I need to do 1D lerp from a great number of 1D float vectors (maybe up to millions). Every vector is of the same length, typically several hundred to a thousand. Every block will process many vectors (randomly), sampling points inside vectors are usually dense, but no locality between vectors.
I want to utilize the texture units the achieve this. However, one 1D-layered tex object can support an array up to 16384x2048. Then I will need hundreds of tex objectes to create. Nevertheless, vectors will be updated in another kernel for another lerps. Since layered textures are only supported by cudaArray, re-copying seems mandatory. I was considering updating the cudaArray by surface objectes, but it does not support atomic reduction, which is needed in my algorithm. Currently I’m trying to use arrays of 2D texture objects with pitched linear memory, but I’m not sure it’s the right choice.
When I was considering those possible approaches, I realized I knew so few about details deep inside texture memory, thus I have some statements according to my understanding. It’s really appreciated that someone who has better knowledge about this could help to confirm them, or clarify my misunderstandings. Thanks very much!

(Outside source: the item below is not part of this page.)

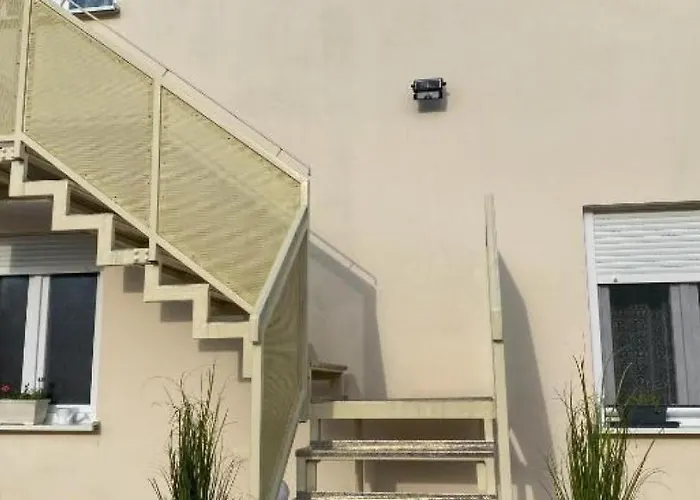 Jozephine 3 By Guide Póla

Here are my understandings and questions:
The elements of cudaArrays follow Z-order curve pattern (at stated by another thread here). Thus even the interpolation will never across layeres, the locality between layers are still needed for efficient use of memory bandwith. This is also the case for 2D texture with cudaArray, even when the lerp is always along one axis (say, one coordinate is i+0.5f). Not sure for 2D texture with pitched memory.
The bandwith of texture memory is shared with normal global reads. The texture is likely to save the bandwidth only for cache hits, or better coalescing due to spacial locality of Z-order curve.
As stated in “https://devblogs.nvidia.com/cuda-pro-tip-kepler-texture-objects-improve-performance-and-flexibility/”, a kernel can support up to 1 million texture objects. I’ve checked the value of cudaTextureObject_t, it’s numbered sequencially as 1,2,… There must be some context dependent variables initialized when creating them. Is that possible to call cudaCreateTextureObject or cudaDestroyTextureObject with a long continous sequence rather than one by one? The resource descriptions are identical, the only difference is the pointer address.
Actually, if statement 1 is not true, using layered texture may behave identically with texture object array, probably better performance. Since creating many texture objects needs more context resources.
- The precision of texture interpolation is 8bit, regardless of the coordinats range. Is that possible to have better precision?
The texture unit is a common and powerful approach in graphics, but sometimes we need more flexibilities to better utilize it in scientific computing.